Suriati Sidek, a senior psychology lecturer at the International Islamic University Malaysia, said separation anxiety could cause children to feel anxious and worried when away from their parents or those close with them.
She added that children do not know how to express their feelings of fear in such situations.
“Imagine being a young child left with people who are new and strange – of course this will cause anxiety,” she told MalaysiaNow.
She said children who experience separation anxiety might express their emotions through their behaviour, by crying or throwing a tantrum, and holding on to their parents.
“But parents should not worry,” she added. “Separation anxiety is a normal milestone in children’s development.”
For much of the year, pupils have had to follow their lessons from home through online teaching and learning as measures to keep Covid-19 infections at bay keep schools closed except to exam candidates.
“Imagine being a young child left with people who are new and strange – of course this will cause anxiety.”

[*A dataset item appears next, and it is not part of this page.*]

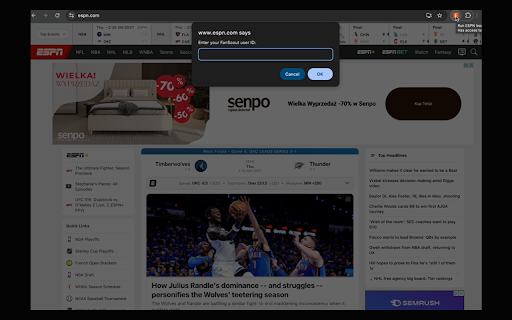 fanscout.pro espn league importer  from Chrome web store to be run with OffiDocs Chromium online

Schools under the education ministry are expected to resume face-to-face classes in September.
While parents can anticipate some level of separation anxiety in their children, Suriati said students with extreme behaviour arising from such emotions should be referred to specialists.

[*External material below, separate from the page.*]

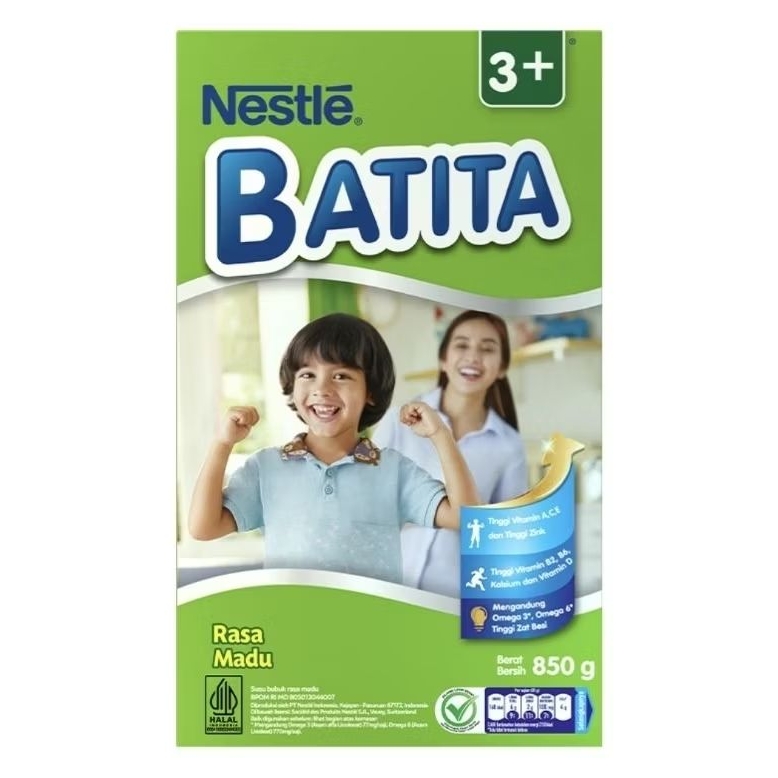 

Nestle Batita 3+ Susu Bubuk Pertumbuhan Anak Madu 850 g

She said separation anxiety has a bigger effect on children below the age of two, who still need the presence of their parents for their social and emotional development.
The likelihood of cases occurring once schools reopen is smaller for children aged seven to 12, she added.
“Parents can tell their children frequently and in simple words that the lockdown situation is temporary and that they will soon return to kindergarten, preschool or school.
“Parents who are working should also explain to their children that they too need to go back to the office,” she said.
With constant explanations such as these, she said, children would eventually accept the situation.
“This information will to some extent reduce feelings of separation anxiety as children will be more prepared,” she said.
Suriati said teachers also have an important role to play in helping children handle separation anxiety by allowing them time to adjust.
She suggested that teachers begin with bonding activities, particularly for young children at kindergartens and daycares.
“For those at school, teachers could start the class by chatting with the students for a while, asking them what they did at home throughout the lockdown, before beginning with the lessons themselves.”
She said it was important to remember that children’s psychological condition and social skills were also affected by the closure of schools.
But she urged parents not to worry too much about their children’s performance.
“Don’t stress too much on academic progress as a yardstick for your children’s development during this pandemic time because the environment at home is very different from the environment at school,” she said.
“And don’t invite more stress. Remember, we need to tackle not only the emotions of our children who have been at home for a long time, but our emotions as well.”